About 15 years ago, while on a semester abroad in London, five friends and I decided to take a 12-day trip to Italy. It seemed like the most reasonable way for six people with no money and limited life experience to spend their fall break.
We did little in the way of planning, other than to book a €1 flight to Milan and look, however briefly, at a map to gauge the city’s proximity to Rome. We burned the rest of our energy figuring out how to get to Gatwick airport for our 5:30 a.m. flight without using public transportation, which was not available that early in the morning, or a private taxi, which we could not afford at any time of the day or night.
We gave almost no thought at all as to what we were going to do once we reached Milan. At the time, I distinctly remember thinking this was not only perfectly fine, but advantageous. Somewhere along the way, one of us was told that “the best deals” were brokered upon arrival, which was an idea that we then repeated often and with great enthusiasm to one another. Traveling in a pack of six, we believed, would only work in our favour. It seems counterintuitive today, but I guess that logic holds up. If half a dozen people have to camp out a train station floor, it’s the making of a good story. Do it alone and it’s just vagrancy.
The leader of our group was a guy named Tariq. He got the job mostly because he owned a PalmPilot.
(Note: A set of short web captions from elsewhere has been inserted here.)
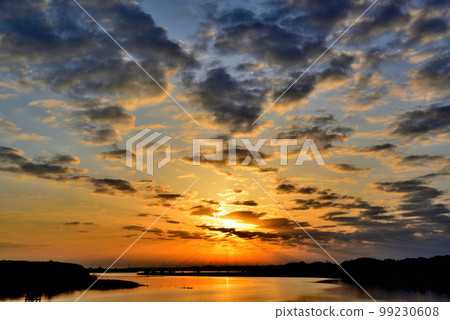 The view of Teganuma at sunrise from Tega Ohashi Bridge, Chiba Prefecture 99230608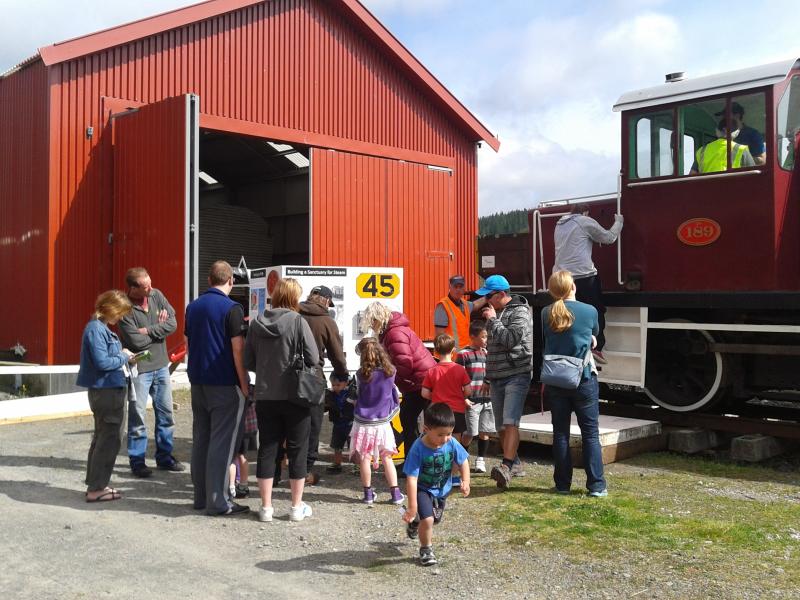 People lining up for a cab ride in Tr 189 on 6 October 2013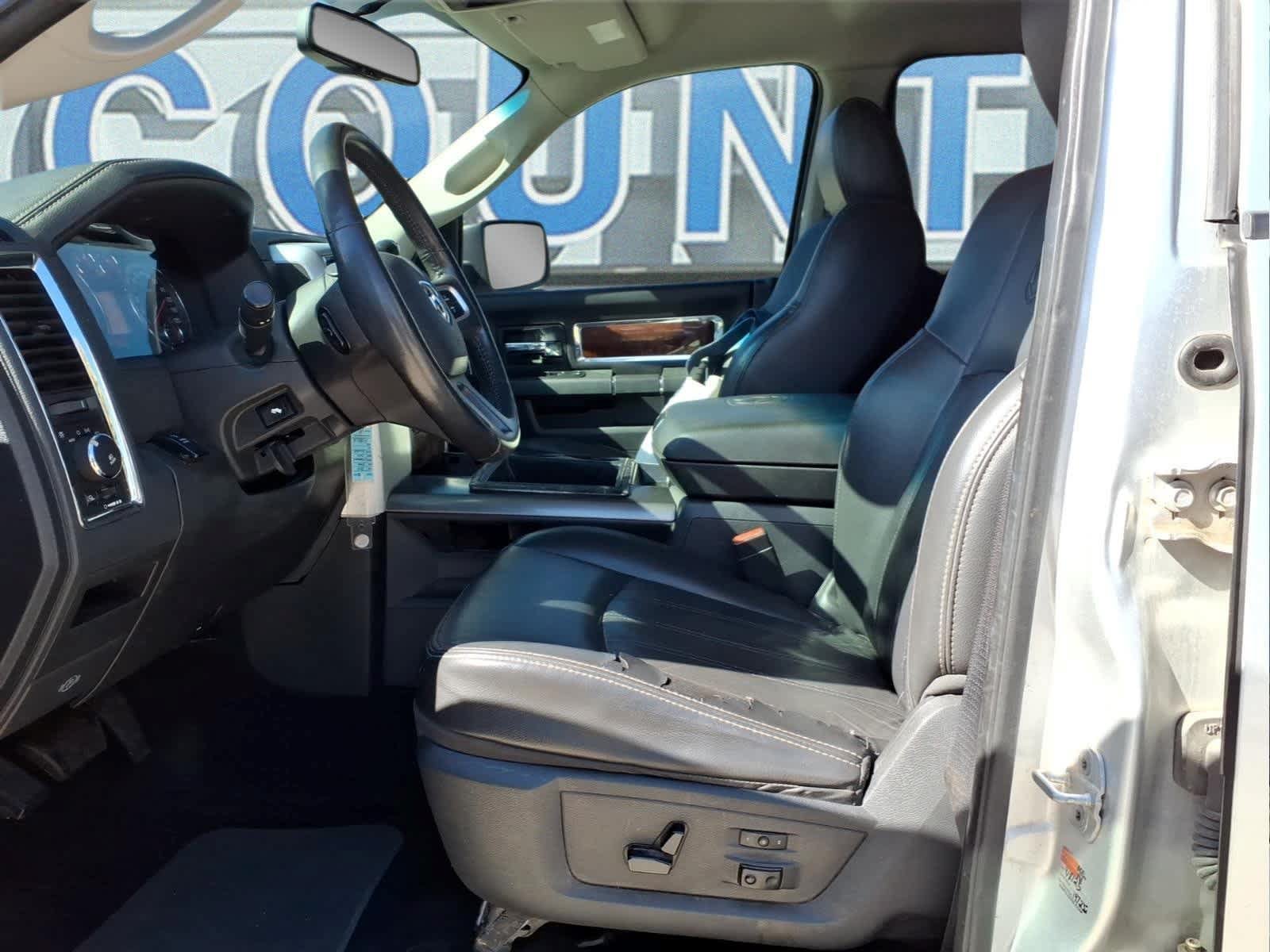 Used 2010 Dodge Ram 1500 Truck Laramie AWD/4WD image 18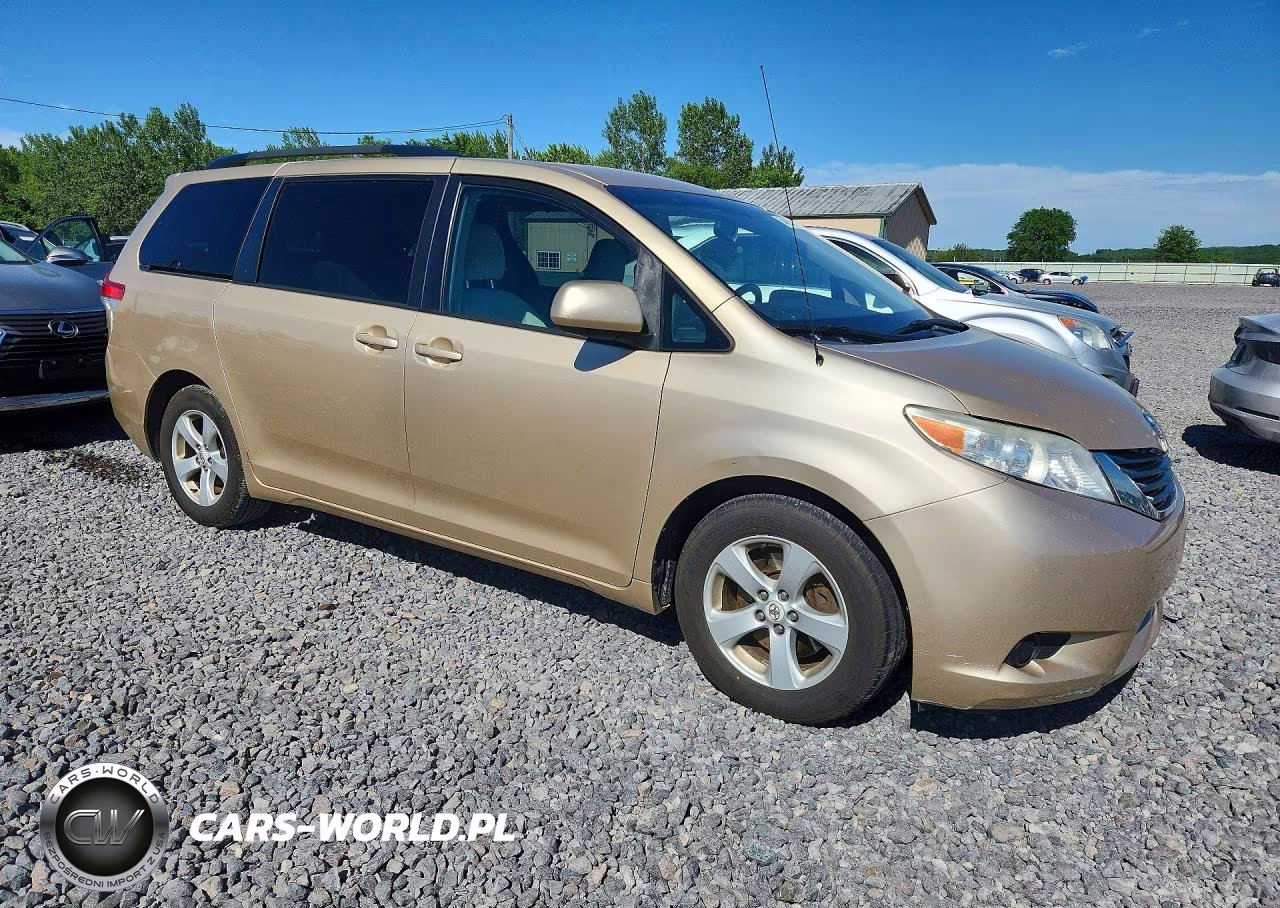 2012 Toyota Sienna Le VIN:5TDKK3DC8CS221629 - 4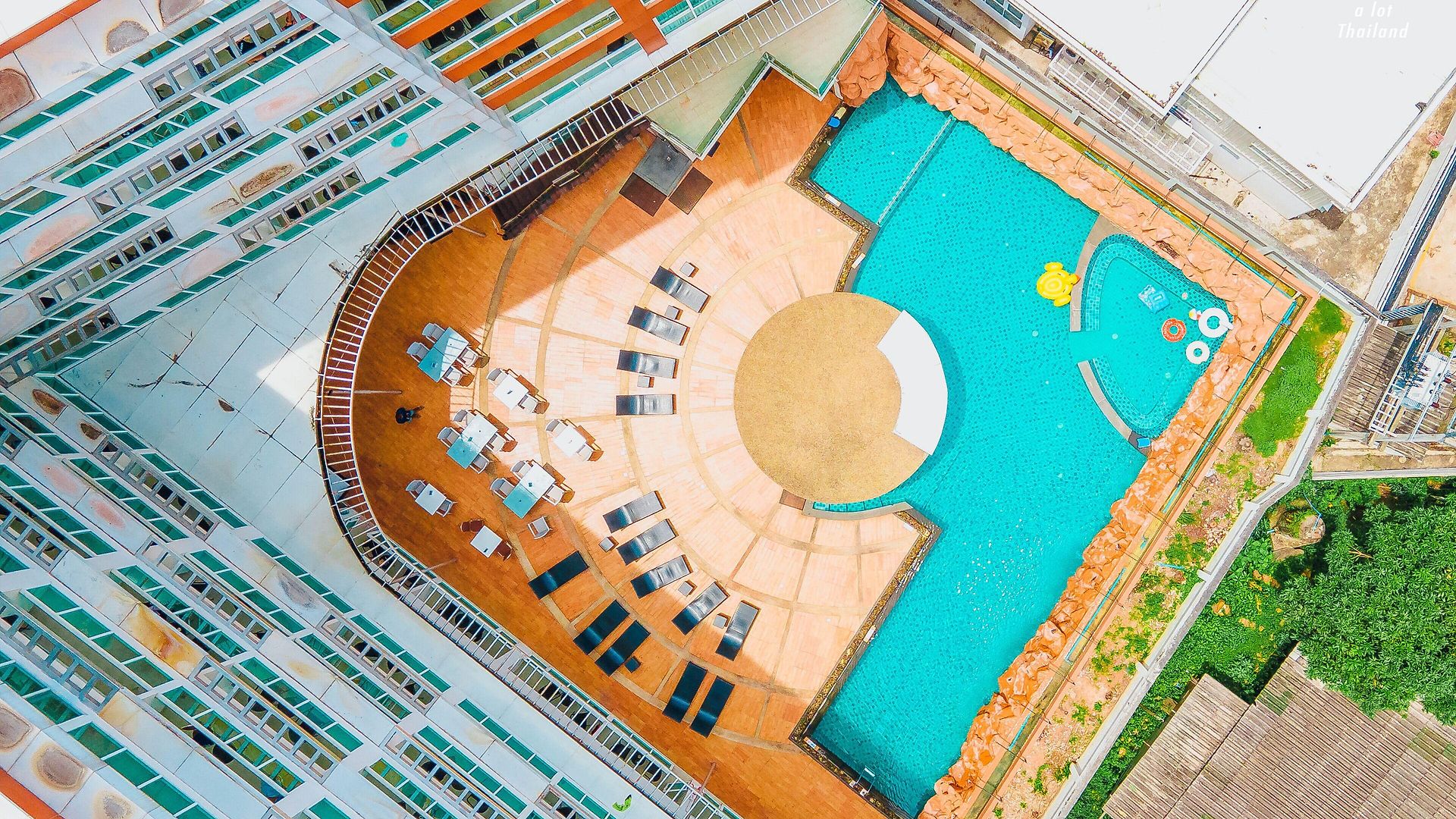 Centara Nova โรงแรม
It was 2003 and this was exactly the sort of cutting edge technology that we needed to neutralize our procrastination.
“OK,” Tariq said as he stood outside the terminal in Milan, tapping on his screen with a plastic stylus. “We’re going to take a bus to the city, get off in the middle, walk to the train station and then catch an overnight train to Rome.”
What Tariq lacked in specifics, he made up for with conviction.
“Which bus?” I asked.
Tariq pointed down the street to bus that was approaching the terminal. “That one,” he said.
“How do we know that’s the right bus?” I asked.
“Well we don’t,” he answered. “We don’t really know where we’re going, so what’s the difference?”
There’s actually quite a bit of difference – or at least that’s what I would say today. But back then, I didn’t have much choice but to go along with it. After all, I had arrived without a plan of my own and I couldn’t even begin to make one up on the fly. Even if I did, I was likely to be overruled. I didn’t even own a cell phone.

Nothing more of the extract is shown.